第二に、特定整備路線補助81号線について質問します。
 東京都と区は、巣鴨5丁目から北区西ヶ原3丁目の「都市計画道路補助81号線」の事業及び測量説明会を11月6日、朝日小学校を皮切りに西ヶ原小学校、駒込小学校体育館で行いました。説明会は全体で1時間30分、最初に職員紹介、挨拶、事業及び測量説明で30分程です。質疑応答は1時間です。三つの体育館で合計480人が参加しましたが、質疑応答時間が短すぎます。住民から形式的で、血が通っていない、と批判がでたほどです。
 3箇所の説明会での住民の発言は、圧倒的に反対の立場からのものが多かったのが特徴です。主なものをあげますと、一つ目に巣鴨5丁目から駒込7丁目付近の防災公園、みんなの広場までは既に延焼遮断帯は形成されている、二つ目に補助81号線は当初、白山通りから本郷通りまでの区間だったのが、谷田川どおりまでになった。北区側は特定整備路線から外れたのに、なぜ住民の意見を聞かないのか、三つ目にこの地域に住み続けたい、街を壊さないでほしい、四つ目に都市計画道路81号線、特定整備路線を見直し、巣鴨5丁目児童遊園前の幅員10mの区道を活かして行き詰まり箇所を解消してほしい、などです。これに対して、都と区は、道路を整備することで、延焼遮断帯の形成、地域の防災力の向上、アクセス性の向上などと、ひたすらご協力とご理解をお願いしますと何度も、何度も繰り返したのであります。
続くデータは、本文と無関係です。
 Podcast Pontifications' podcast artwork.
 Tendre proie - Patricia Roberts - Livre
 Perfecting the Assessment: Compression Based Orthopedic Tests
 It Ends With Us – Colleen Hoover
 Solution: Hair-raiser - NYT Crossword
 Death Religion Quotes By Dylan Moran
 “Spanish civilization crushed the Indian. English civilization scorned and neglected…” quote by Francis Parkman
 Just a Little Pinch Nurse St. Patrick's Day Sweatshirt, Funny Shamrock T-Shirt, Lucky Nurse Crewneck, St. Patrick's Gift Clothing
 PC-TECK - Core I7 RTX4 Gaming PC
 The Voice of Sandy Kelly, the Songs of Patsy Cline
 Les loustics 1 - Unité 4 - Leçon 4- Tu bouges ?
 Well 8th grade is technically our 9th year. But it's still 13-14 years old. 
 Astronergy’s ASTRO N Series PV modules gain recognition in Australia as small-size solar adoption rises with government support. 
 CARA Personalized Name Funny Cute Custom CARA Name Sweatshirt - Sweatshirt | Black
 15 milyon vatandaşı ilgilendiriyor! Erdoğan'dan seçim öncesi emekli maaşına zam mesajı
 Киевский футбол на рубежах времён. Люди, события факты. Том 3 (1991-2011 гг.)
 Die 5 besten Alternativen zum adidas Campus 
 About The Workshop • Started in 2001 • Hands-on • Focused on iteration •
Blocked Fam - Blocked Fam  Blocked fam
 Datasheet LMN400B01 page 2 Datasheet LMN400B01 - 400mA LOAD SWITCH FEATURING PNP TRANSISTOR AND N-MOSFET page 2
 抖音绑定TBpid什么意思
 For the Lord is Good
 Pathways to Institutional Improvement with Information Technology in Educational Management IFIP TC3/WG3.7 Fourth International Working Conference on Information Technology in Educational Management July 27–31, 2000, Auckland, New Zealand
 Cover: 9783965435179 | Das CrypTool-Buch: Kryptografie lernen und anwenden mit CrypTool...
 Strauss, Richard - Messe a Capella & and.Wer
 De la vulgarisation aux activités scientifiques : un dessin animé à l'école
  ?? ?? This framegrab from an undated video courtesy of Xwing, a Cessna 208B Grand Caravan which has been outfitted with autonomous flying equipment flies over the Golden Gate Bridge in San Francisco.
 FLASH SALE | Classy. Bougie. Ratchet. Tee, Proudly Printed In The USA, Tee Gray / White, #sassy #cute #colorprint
 私が、第1回定例会で「補助81号線は特定整備路線から外すべきと」と質したら、区は「補助81号線に限らず、すべての特定整備路線について候補区間から除外する考えはございません」と答弁しました。しかし、この地域では、反対運動が大きく広がっています。「防災というなら耐震補強、難燃化の促進をすべきだ」、「現道を活かして道路を整備すれば、白山通りへのアクセス性を向上させることができるので、補助81号線は必要ない」として住民運動がすすんでいます。3月26日、豊島区長に染井商店街振興組合理事長と住民代表名の署名1769人を提出、7月25日、駒込7丁目町会長、はじめ、住民代表8人が区長に対して、要望し、懇談を行ってきました。地元区議会議員も同席しました。東京都に対しては、10月21日、巣鴨地蔵通り商店街振興組合理事長、駒込商店街振興組合理事長、駒込町会長などを代表者とした都市計画道路補助81号線の見直しを求める署名を2347人分添えて提出しました。
 そこで質問します。
 住民代表が区長に要望した際、区長は“本日の会合を区と住民との話し合いの始まり、そのようにさせてほしい≠ニいう旨の発言をしましたが、いきなり「事業及び測量説明会」の開催をすることは住民との約束を反故にするものであります。当然、住民側は話し合いが続くものであると期待をしていました。現況測量が始まる前に住民側との話し合いを持つべきだと考えますが、いかがですか、お答えください。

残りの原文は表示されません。